-- Data records --
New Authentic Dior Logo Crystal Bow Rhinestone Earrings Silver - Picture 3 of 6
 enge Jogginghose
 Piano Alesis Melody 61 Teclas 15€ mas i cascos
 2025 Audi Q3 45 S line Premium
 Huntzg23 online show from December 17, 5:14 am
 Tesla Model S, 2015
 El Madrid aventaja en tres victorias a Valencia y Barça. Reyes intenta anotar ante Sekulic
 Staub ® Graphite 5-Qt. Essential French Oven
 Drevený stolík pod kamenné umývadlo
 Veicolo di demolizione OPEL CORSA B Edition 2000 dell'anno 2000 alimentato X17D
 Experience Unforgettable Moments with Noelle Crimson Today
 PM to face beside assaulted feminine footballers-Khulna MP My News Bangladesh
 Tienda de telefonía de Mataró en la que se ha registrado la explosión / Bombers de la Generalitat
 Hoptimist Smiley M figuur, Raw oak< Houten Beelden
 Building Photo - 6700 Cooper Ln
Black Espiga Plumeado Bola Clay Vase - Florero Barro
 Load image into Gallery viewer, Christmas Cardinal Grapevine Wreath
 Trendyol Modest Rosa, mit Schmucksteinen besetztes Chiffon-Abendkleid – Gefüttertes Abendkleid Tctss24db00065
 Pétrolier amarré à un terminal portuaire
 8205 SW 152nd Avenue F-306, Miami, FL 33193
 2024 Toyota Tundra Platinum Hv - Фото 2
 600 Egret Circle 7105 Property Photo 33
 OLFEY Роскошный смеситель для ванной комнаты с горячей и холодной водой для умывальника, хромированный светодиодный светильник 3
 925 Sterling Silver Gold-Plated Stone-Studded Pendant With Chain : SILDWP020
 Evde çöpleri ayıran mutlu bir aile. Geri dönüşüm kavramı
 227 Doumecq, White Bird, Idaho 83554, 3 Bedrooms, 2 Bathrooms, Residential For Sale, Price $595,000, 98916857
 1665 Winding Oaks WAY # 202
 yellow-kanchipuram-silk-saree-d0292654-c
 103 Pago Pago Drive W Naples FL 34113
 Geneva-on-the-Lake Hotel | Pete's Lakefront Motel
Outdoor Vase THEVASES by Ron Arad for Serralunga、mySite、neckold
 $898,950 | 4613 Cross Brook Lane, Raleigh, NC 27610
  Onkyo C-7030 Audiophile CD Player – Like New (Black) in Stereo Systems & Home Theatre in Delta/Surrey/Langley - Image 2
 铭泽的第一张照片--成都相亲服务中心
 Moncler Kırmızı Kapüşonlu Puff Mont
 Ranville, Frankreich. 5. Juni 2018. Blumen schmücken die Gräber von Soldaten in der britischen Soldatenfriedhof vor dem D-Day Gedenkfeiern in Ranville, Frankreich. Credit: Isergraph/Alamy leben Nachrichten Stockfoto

-- Exercise requirements --
The answer must consist of the lines from the one with "925 Sterling Silver" through the final line of the entries above, exactly as they are, and nothing else.

-- Solution --
 925 Sterling Silver Gold-Plated Stone-Studded Pendant With Chain : SILDWP020
 Evde çöpleri ayıran mutlu bir aile. Geri dönüşüm kavramı
 227 Doumecq, White Bird, Idaho 83554, 3 Bedrooms, 2 Bathrooms, Residential For Sale, Price $595,000, 98916857
 1665 Winding Oaks WAY # 202
 yellow-kanchipuram-silk-saree-d0292654-c
 103 Pago Pago Drive W Naples FL 34113
 Geneva-on-the-Lake Hotel | Pete's Lakefront Motel
Outdoor Vase THEVASES by Ron Arad for Serralunga、mySite、neckold
 $898,950 | 4613 Cross Brook Lane, Raleigh, NC 27610
  Onkyo C-7030 Audiophile CD Player – Like New (Black) in Stereo Systems & Home Theatre in Delta/Surrey/Langley - Image 2
 铭泽的第一张照片--成都相亲服务中心
 Moncler Kırmızı Kapüşonlu Puff Mont
 Ranville, Frankreich. 5. Juni 2018. Blumen schmücken die Gräber von Soldaten in der britischen Soldatenfriedhof vor dem D-Day Gedenkfeiern in Ranville, Frankreich. Credit: Isergraph/Alamy leben Nachrichten Stockfoto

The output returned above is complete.